An Open Secret
The entire question of economic inequality is now on the agenda in every forum, including sports. Certainly the outrage over the bonuses at AIG shows that the simmering anger, at the "haves," which was partly channeled in a positive direction during the Obama campaign has become extremely intense. Average citizens believe they have been ripped off and that the system is rigged against them. The idea that you get what you deserve through hard work and effectiveness was called into question as wheelers and dealers -- Wall Street titans and Capitol Hill lobbyists and those who receive their largesse -- are equally castigated.
March Madness puts the spotlight on the millions made by basketball coaches and that can be shocking. It's one thing for coaches in professional sports to get such compensation, but there remains a veneer that college sports are a world apart and designed for intercollegiate amateur competition. Truth be told, with television pay outs, March Madness is big business and highly profitable for universities, especially in a time of economic downturn.
Having a winning coach may require salaries of in the millions but the returns are well worth the investment if a competitive, and especially a winning team, results. To achieve that goal not only requires a huge investment, but players who have talent, dedication and willingness to spend most of their time honing their athletic skills. The coach presides over a complex enterprise and to make it work successfully, he or she has to be a leaders and have the knowledge, experience and the motivational skills to produce a positive outcome.
Let me share one story with you. My son graduated from a great university with a fabulous basketball team. One day he went to the ticket office with his friends eager to get tickets for a game. No dice, all sold out. "But, I'm a student!" he asserted. The reply from the ticket window said it all "Let's get something straight. That's the college," the ticket master said pointing to the campus. "This is a business." And that's the simple truth.

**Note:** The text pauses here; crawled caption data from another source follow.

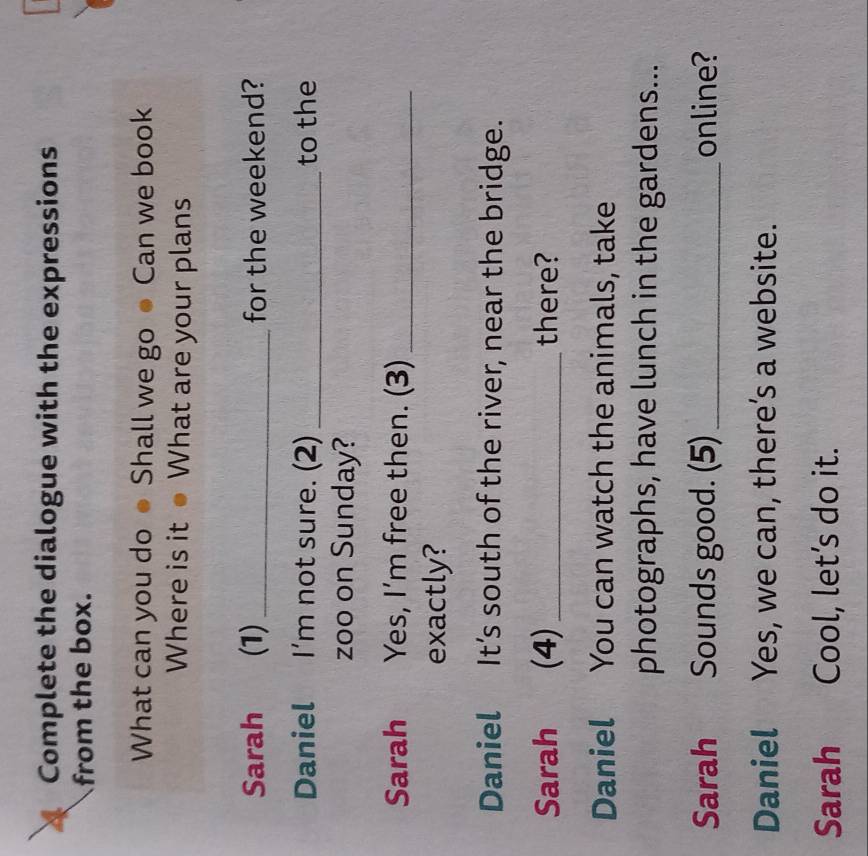 Complete the dialogue with the expressions 
from the box. 
What can you do ● Shall we go ● Can we book 
Where is it● What are your plans 
Sarah (1)_ for the weekend? 
Daniel I’m not sure. (2) _to the 
zoo on Sunday? 
Sarah Yes, I’m free then. (3)_ 
exactly? 
Daniel It’s south of the river, near the bridge. 
Sarah (4) _there? 
Daniel You can watch the animals, take 
photographs, have lunch in the gardens... 
Sarah Sounds good. (5) _online? 
Daniel Yes, we can, there’s a website. 
Sarah Cool, let’s do it.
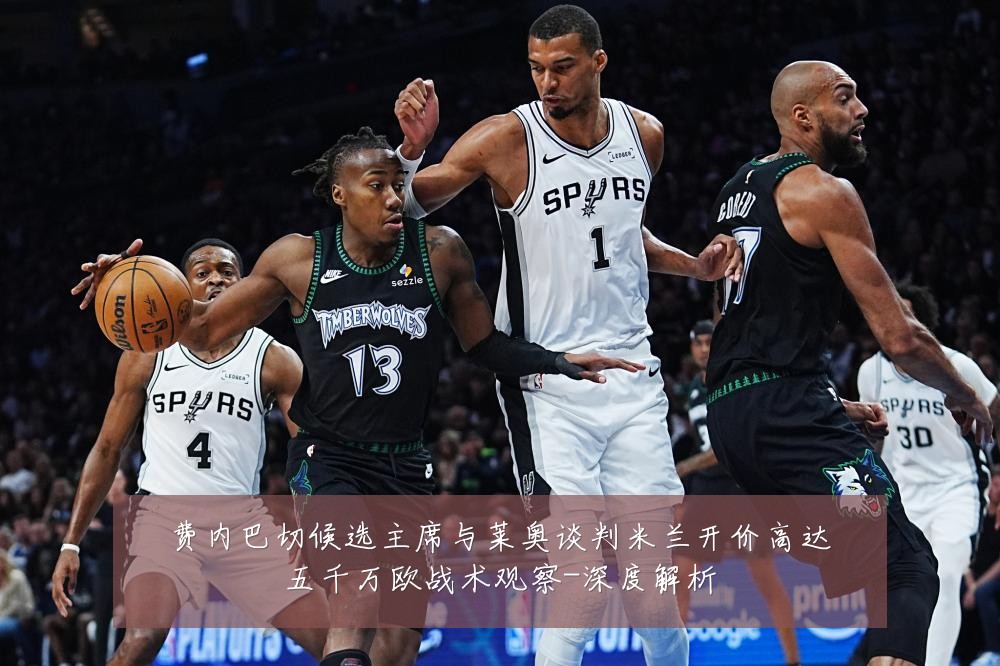费内巴切候选主席与莱奥谈判米兰开价高达五千万欧战术观察-深度解析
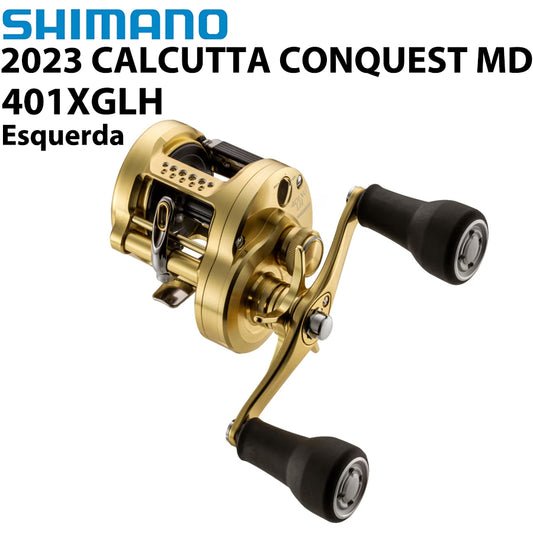 SHIMANO 2023 CALCUTTA CONQUEST MD 401XGLH Carretilha Esquerda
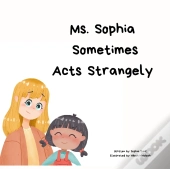 Ms. Sophia Sometimes Acts Strangely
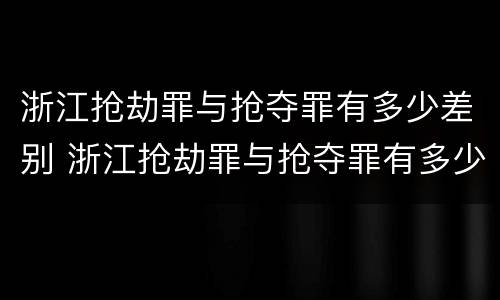 浙江抢劫罪与抢夺罪有多少差别 浙江抢劫罪与抢夺罪有多少差别呢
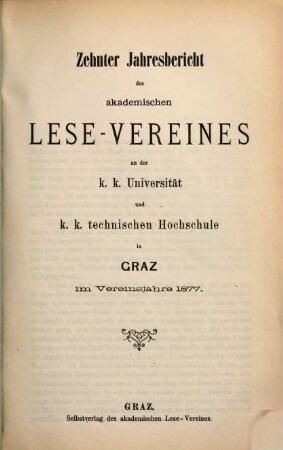 Jahresbericht des Akademischen Lese-Vereines in Graz. 10. 1877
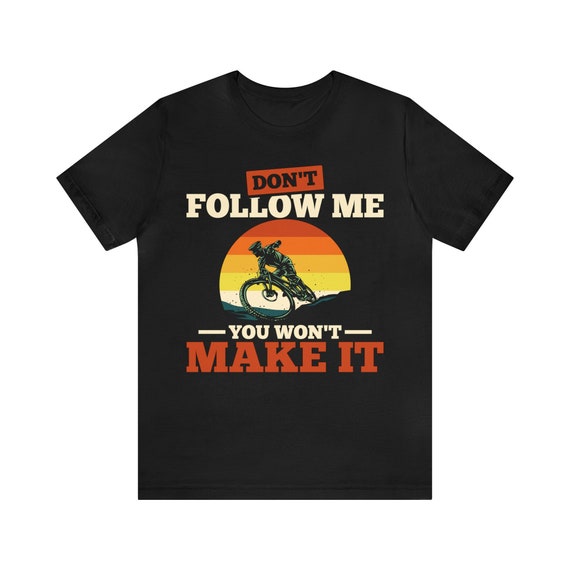 Mountain Bike Tee Shirt Downhill Mtb T-Shirt Biking Gift Mountain Bike Tee Shirt Downhill Mtb T-Shirt Biking Gift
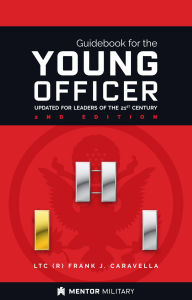 Title: Guidebook for The Young Officer: Updated for Leaders of the 21st Century, Author: Frank Caravella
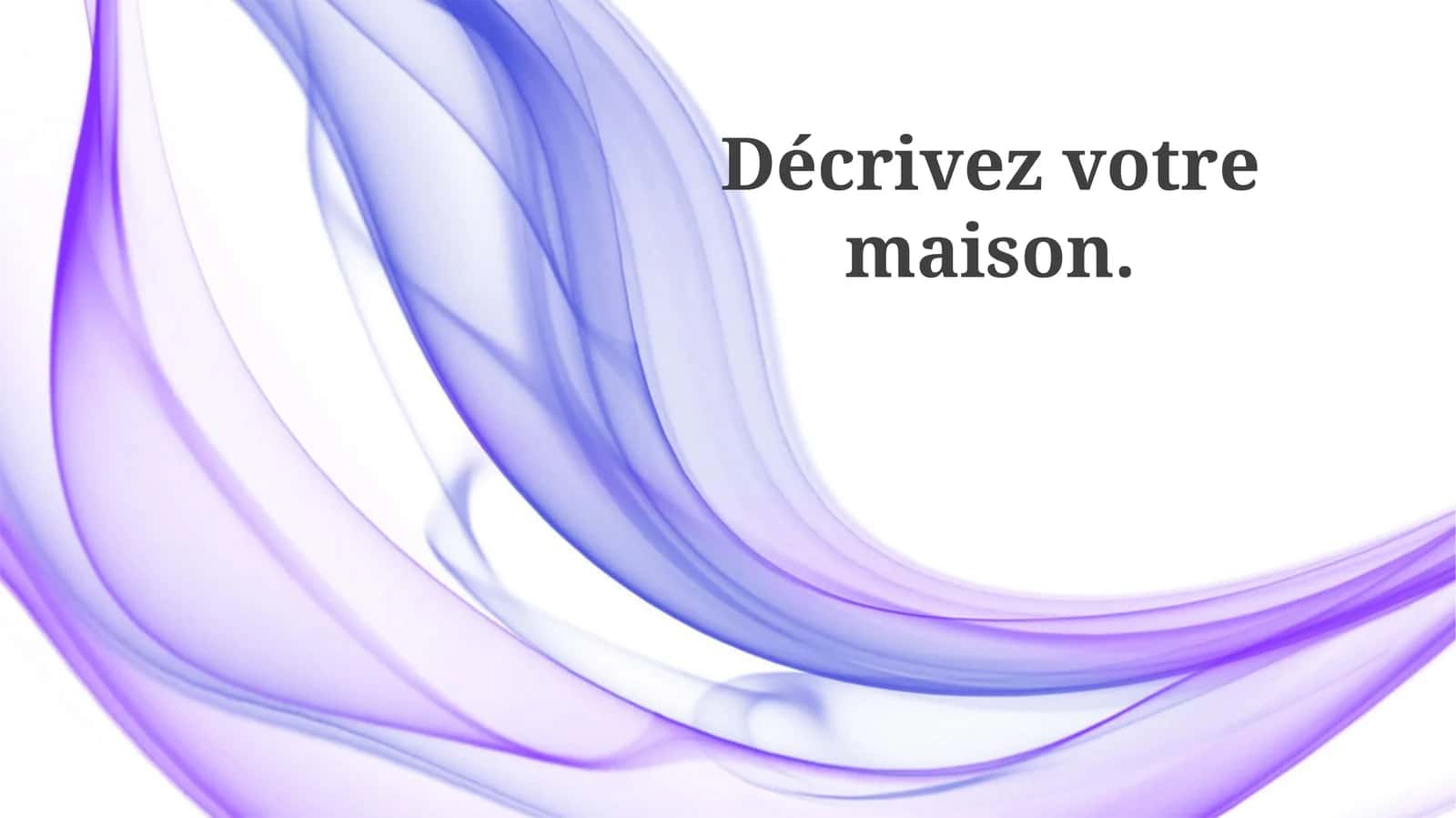 Décrive votre maison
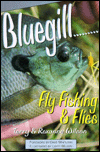 Bluegill; Fly Fishing & Flies by Terry Wilson, Roxanne Wilson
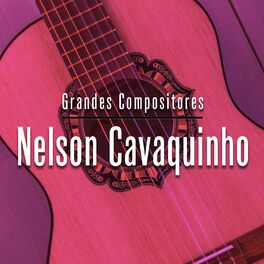 Album cover of Grandes Compositores: Nelson Cavaquinho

College sports is big business, the stakes are high, the potential financial payoffs are tremendous for the entire institution from alumni giving to enrollments, and the very best talent among coaches and players on the court or the field is required to achieve those outcomes. Would it be appropriate for the coaches to decline these million-plus salaries? Probably not, because not all will, but the press needs to offer the public more details on an open secret. It's a business.